The New Jersey Junction Railroad (NJJ) was part of the New York Central Railroad and ran along the Hudson River in Hudson County, New Jersey, from the West Shore Railroad (NYCRR) yards at Weehawken Terminal south to Jersey City. It later owned an extension to the north, separated by the Weehawken yard from the original line.
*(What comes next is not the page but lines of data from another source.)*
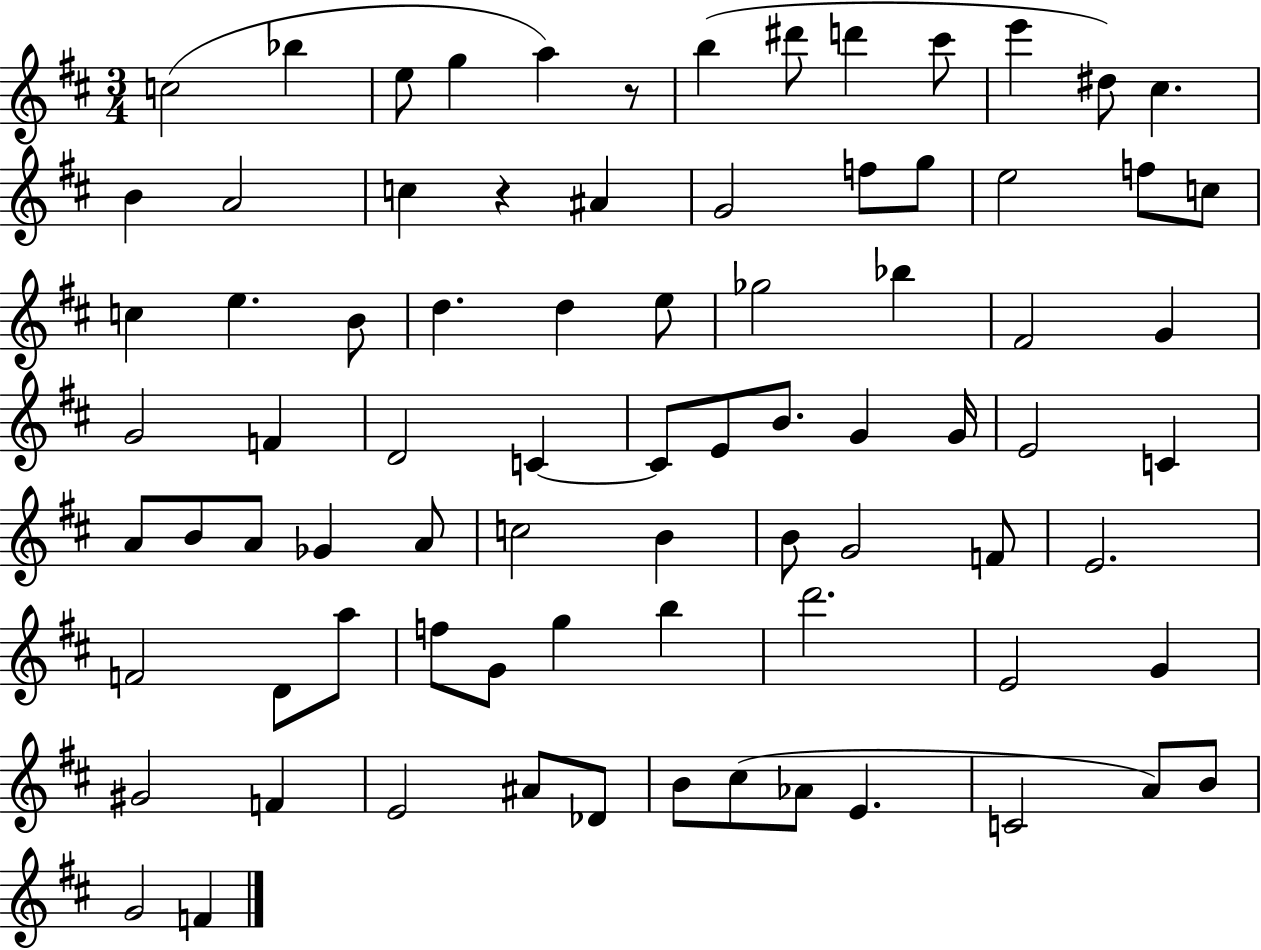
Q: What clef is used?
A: treble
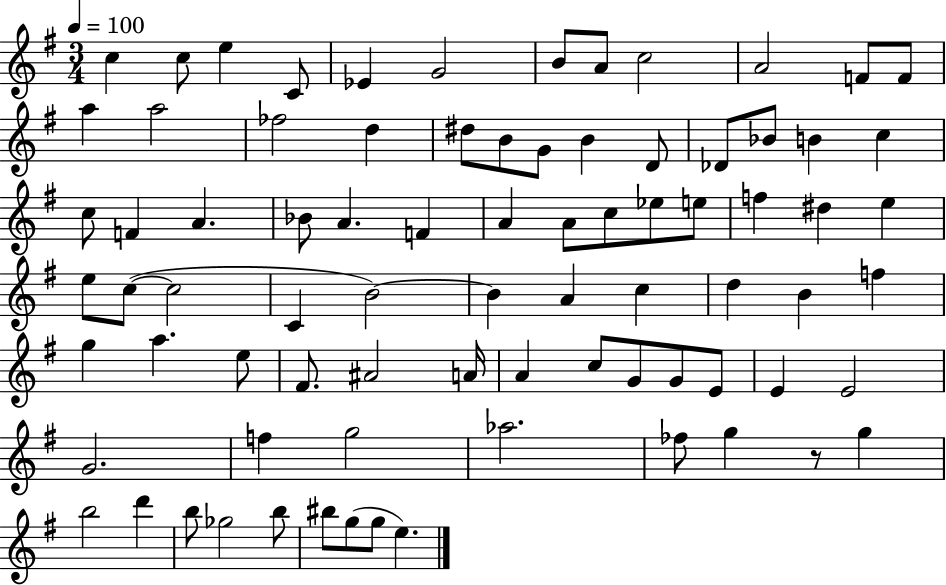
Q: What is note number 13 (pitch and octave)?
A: A5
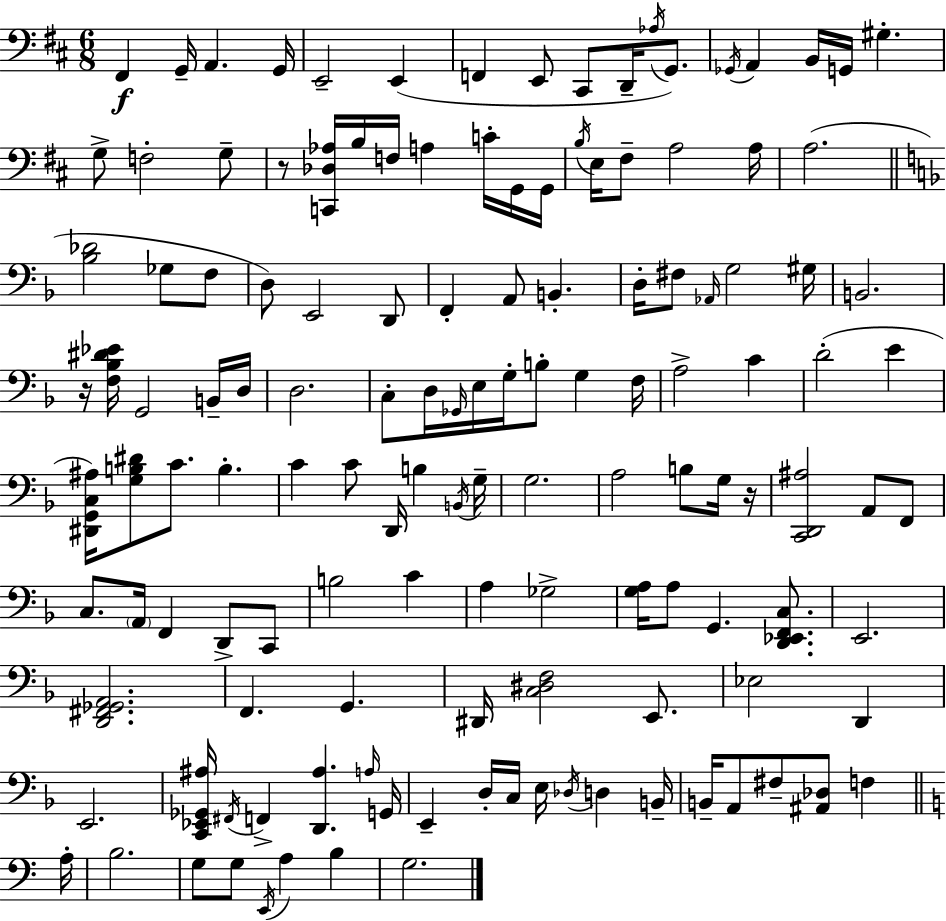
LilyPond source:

{
  \clef bass
  \numericTimeSignature
  \time 6/8
  \key d \major
  \repeat volta 2 { fis,4\f g,16-- a,4. g,16 | e,2-- e,4( | f,4 e,8 cis,8 d,16-- \acciaccatura { aes16 }) g,8. | \acciaccatura { ges,16 } a,4 b,16 g,16 gis4.-. | \break g8-> f2-. | g8-- r8 <c, des aes>16 b16 f16 a4 c'16-. | g,16 g,16 \acciaccatura { b16 } e16 fis8-- a2 | a16 a2.( | \break \bar "||" \break \key d \minor <bes des'>2 ges8 f8 | d8) e,2 d,8 | f,4-. a,8 b,4.-. | d16-. fis8 \grace { aes,16 } g2 | \break gis16 b,2. | r16 <f bes dis' ees'>16 g,2 b,16-- | d16 d2. | c8-. d16 \grace { ges,16 } e16 g16-. b8-. g4 | \break f16 a2-> c'4 | d'2-.( e'4 | <dis, g, c ais>16) <g b dis'>8 c'8. b4.-. | c'4 c'8 d,16 b4 | \break \acciaccatura { b,16 } g16-- g2. | a2 b8 | g16 r16 <c, d, ais>2 a,8 | f,8 c8. \parenthesize a,16 f,4 d,8-> | \break c,8 b2 c'4 | a4 ges2-> | <g a>16 a8 g,4. | <d, ees, f, c>8. e,2. | \break <d, fis, ges, a,>2. | f,4. g,4. | dis,16 <c dis f>2 | e,8. ees2 d,4 | \break e,2. | <c, ees, ges, ais>16 \acciaccatura { fis,16 } f,4-> <d, ais>4. | \grace { a16 } g,16 e,4-- d16-. c16 e16 | \acciaccatura { des16 } d4 b,16-- b,16-- a,8 fis8-- <ais, des>8 | \break f4 \bar "||" \break \key c \major a16-. b2. | g8 g8 \acciaccatura { e,16 } a4 b4 | g2. | } \bar "|."
}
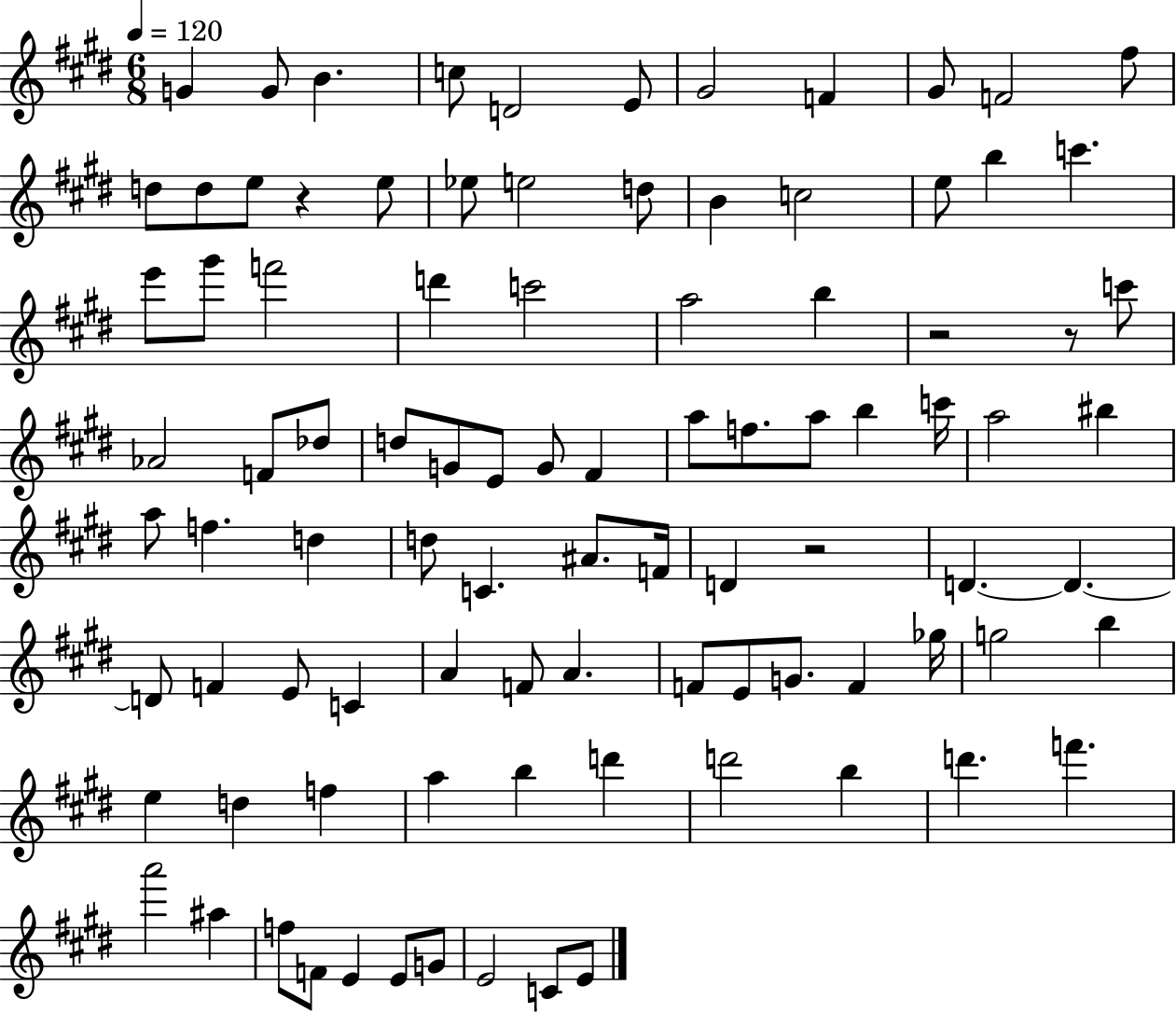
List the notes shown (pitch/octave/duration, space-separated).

G4/q G4/e B4/q. C5/e D4/h E4/e G#4/h F4/q G#4/e F4/h F#5/e D5/e D5/e E5/e R/q E5/e Eb5/e E5/h D5/e B4/q C5/h E5/e B5/q C6/q. E6/e G#6/e F6/h D6/q C6/h A5/h B5/q R/h R/e C6/e Ab4/h F4/e Db5/e D5/e G4/e E4/e G4/e F#4/q A5/e F5/e. A5/e B5/q C6/s A5/h BIS5/q A5/e F5/q. D5/q D5/e C4/q. A#4/e. F4/s D4/q R/h D4/q. D4/q. D4/e F4/q E4/e C4/q A4/q F4/e A4/q. F4/e E4/e G4/e. F4/q Gb5/s G5/h B5/q E5/q D5/q F5/q A5/q B5/q D6/q D6/h B5/q D6/q. F6/q. A6/h A#5/q F5/e F4/e E4/q E4/e G4/e E4/h C4/e E4/e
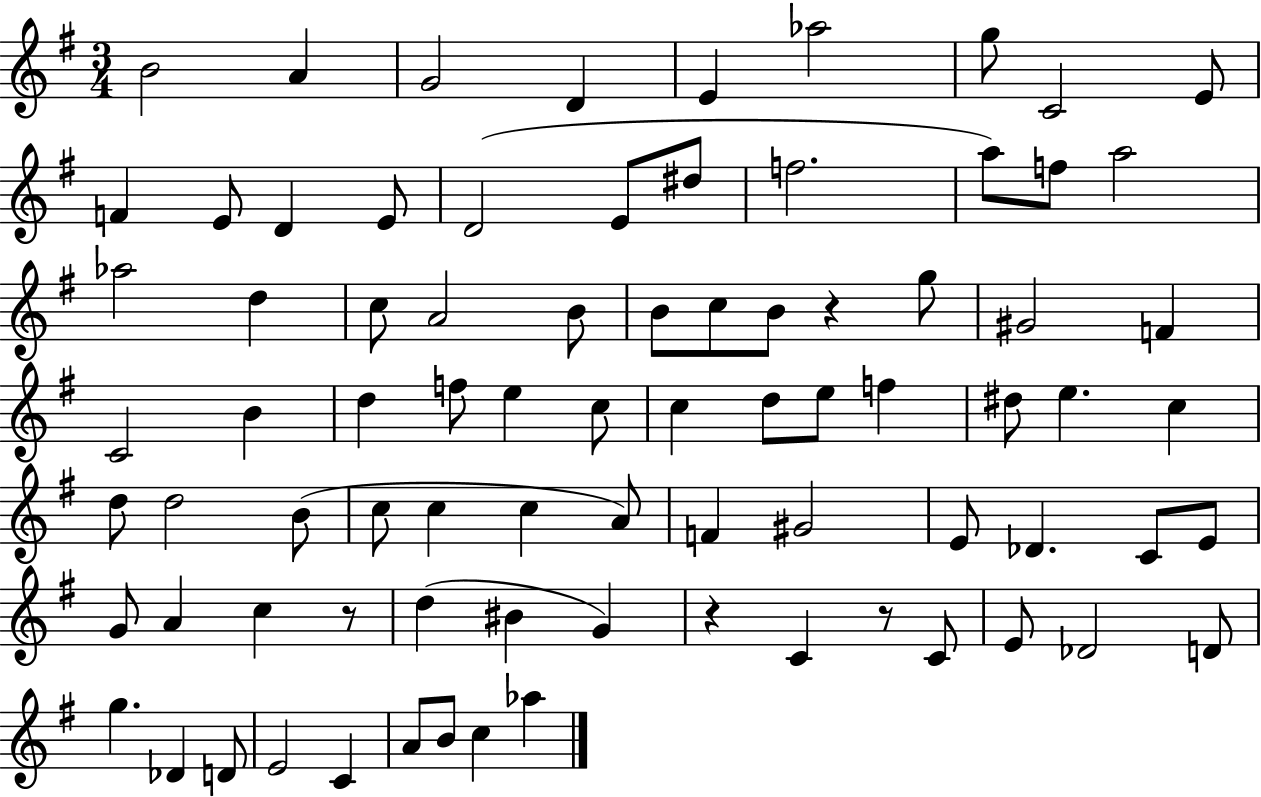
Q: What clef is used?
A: treble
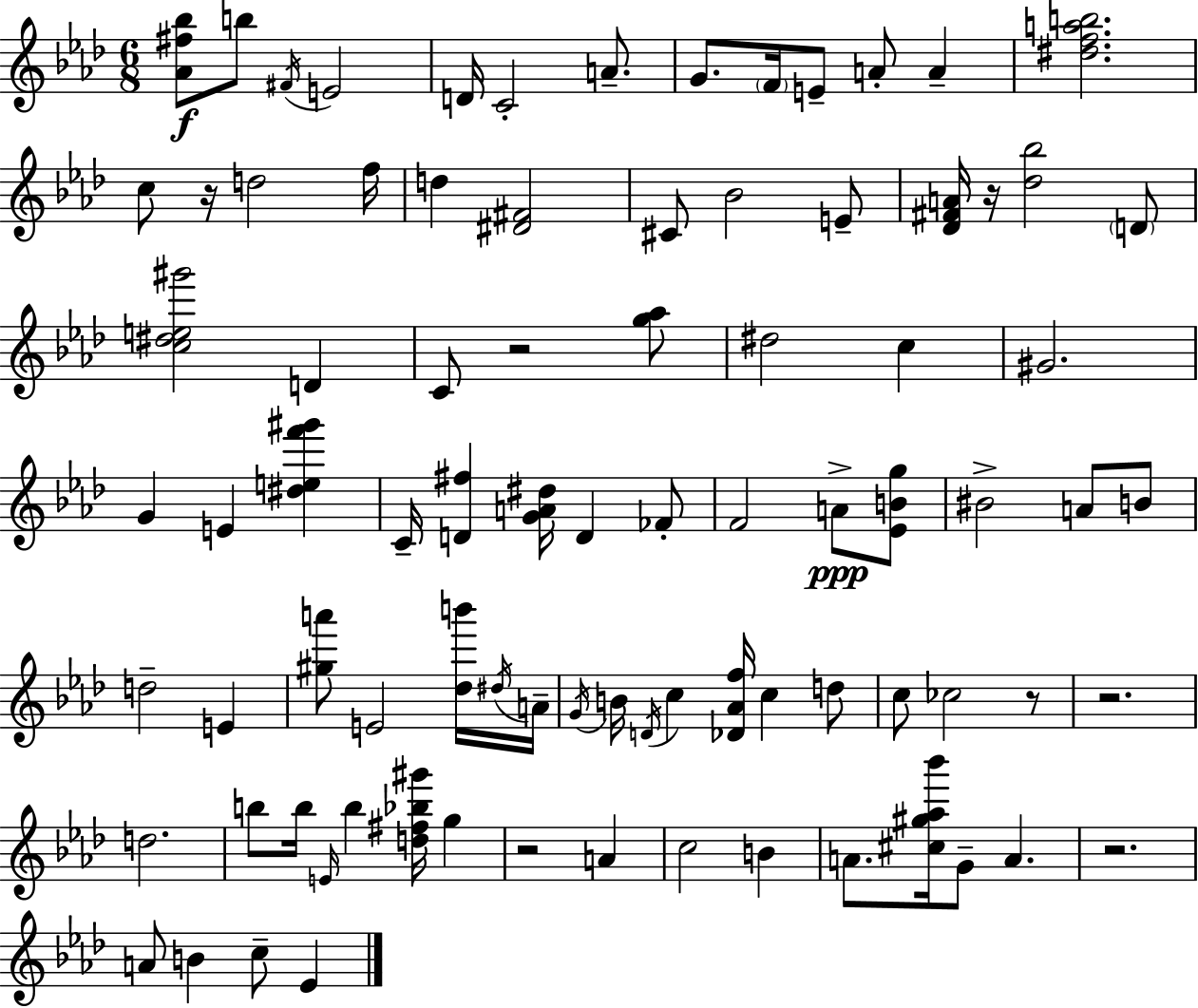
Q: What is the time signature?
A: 6/8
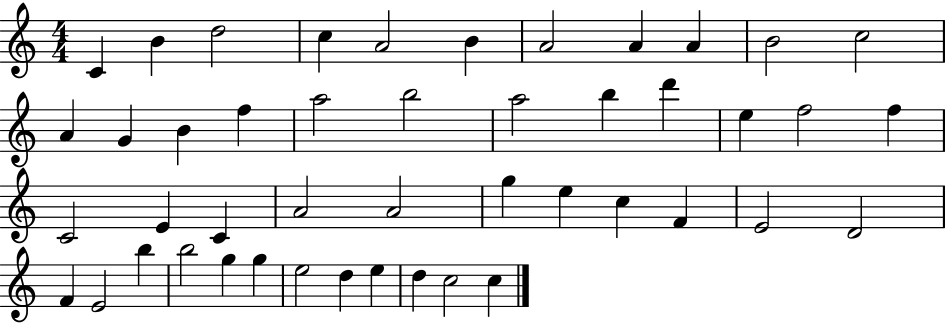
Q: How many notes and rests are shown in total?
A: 46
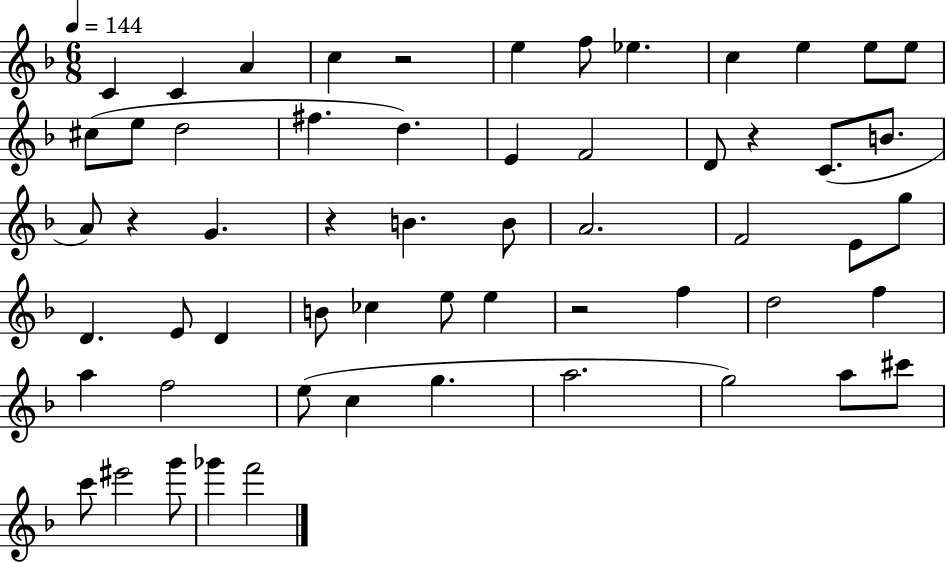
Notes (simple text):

C4/q C4/q A4/q C5/q R/h E5/q F5/e Eb5/q. C5/q E5/q E5/e E5/e C#5/e E5/e D5/h F#5/q. D5/q. E4/q F4/h D4/e R/q C4/e. B4/e. A4/e R/q G4/q. R/q B4/q. B4/e A4/h. F4/h E4/e G5/e D4/q. E4/e D4/q B4/e CES5/q E5/e E5/q R/h F5/q D5/h F5/q A5/q F5/h E5/e C5/q G5/q. A5/h. G5/h A5/e C#6/e C6/e EIS6/h G6/e Gb6/q F6/h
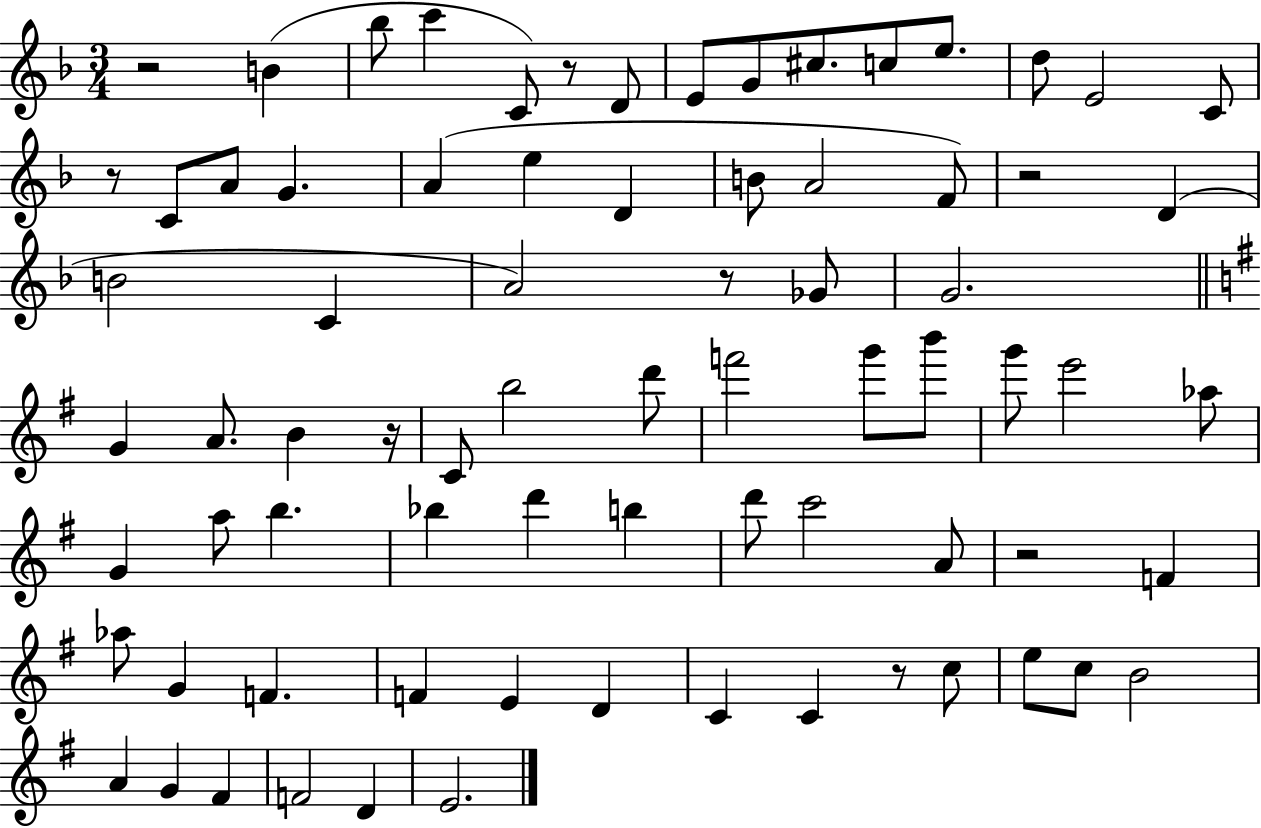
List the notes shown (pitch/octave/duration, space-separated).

R/h B4/q Bb5/e C6/q C4/e R/e D4/e E4/e G4/e C#5/e. C5/e E5/e. D5/e E4/h C4/e R/e C4/e A4/e G4/q. A4/q E5/q D4/q B4/e A4/h F4/e R/h D4/q B4/h C4/q A4/h R/e Gb4/e G4/h. G4/q A4/e. B4/q R/s C4/e B5/h D6/e F6/h G6/e B6/e G6/e E6/h Ab5/e G4/q A5/e B5/q. Bb5/q D6/q B5/q D6/e C6/h A4/e R/h F4/q Ab5/e G4/q F4/q. F4/q E4/q D4/q C4/q C4/q R/e C5/e E5/e C5/e B4/h A4/q G4/q F#4/q F4/h D4/q E4/h.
What would become part of the NJJ was the Hoboken and Hudson River Turnpike, chartered in 1857 to build a road from the north of Hoboken to Bull's Ferry near the Bergen County line. The New York and Bull's Ferry Railroad was chartered in 1861, and renamed the New York and Fort Lee Railroad the year after. This railroad had been projected by the Erie Railroad as a much larger line, stretching from Hoboken to the New York state line along the Hudson River. The first two miles of this projected road, built on part of the Hoboken and Hudson River Railroad from Jersey City to the north side of Hoboken, opened in 1870, and was controlled by the Erie from the outset. The connection to the Long Dock Tunnel was made by way of the Morris and Essex Railroad; when they abandoned their line in favour of using the Bergen Tunnels, the Fort Lee assumed control of the connection to the tunnel. By the end of its life, the road reached the Township of Union.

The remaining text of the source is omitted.